ACTIVITY ::
Leave the pictures out and quote only the lines from the one with "snn8406w 1f 1000" down to the end of the listing below.

SUPPLIED DATA ::
- Opening Delimiter -

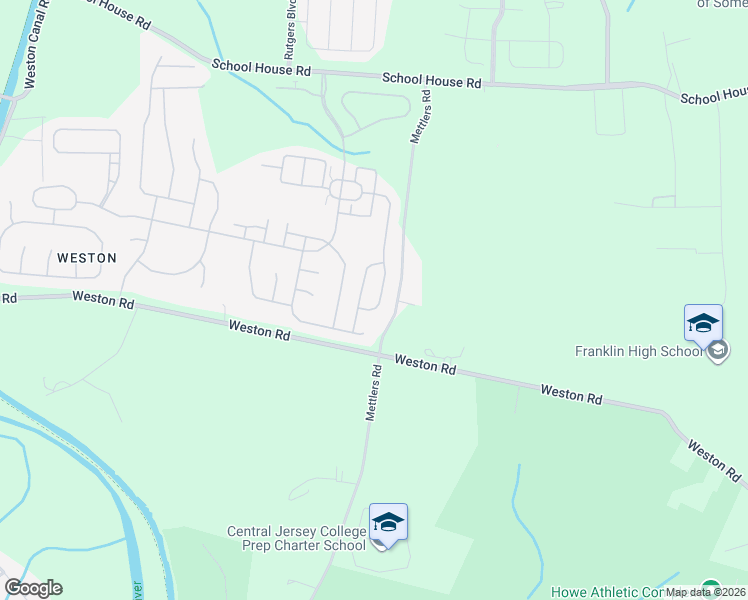 map of restaurants, bars, coffee shops, grocery stores, and more near 15 Benjamin Street in Franklin Township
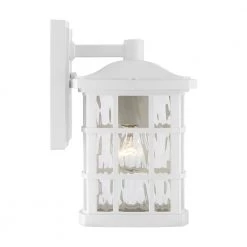 Stonington 1-Light White Outdoor Wall Lantern Sconce by Quoizel 13 Stonington 1-Light White Outdoor Wall Lantern Sconce by Quoizel -Quoizel Sales white lustre quoizel outdoor sconces snn8406w 1f 1000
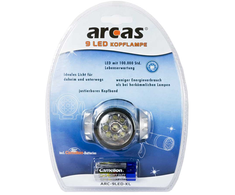 Arcas | Priekinis žibintas | ARC9 | 9 LED | 4 apšvietimo režimai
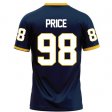 Gray Price #98 Navy Elite Football Jersey - Racers Christmas jersey gift bundle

- Closing Delimiter -

EXERCISE RESULT ::
 Stonington 1-Light White Outdoor Wall Lantern Sconce by Quoizel 13 Stonington 1-Light White Outdoor Wall Lantern Sconce by Quoizel -Quoizel Sales white lustre quoizel outdoor sconces snn8406w 1f 1000
 Arcas | Priekinis žibintas | ARC9 | 9 LED | 4 apšvietimo režimai
 Gray Price #98 Navy Elite Football Jersey - Racers Christmas jersey gift bundle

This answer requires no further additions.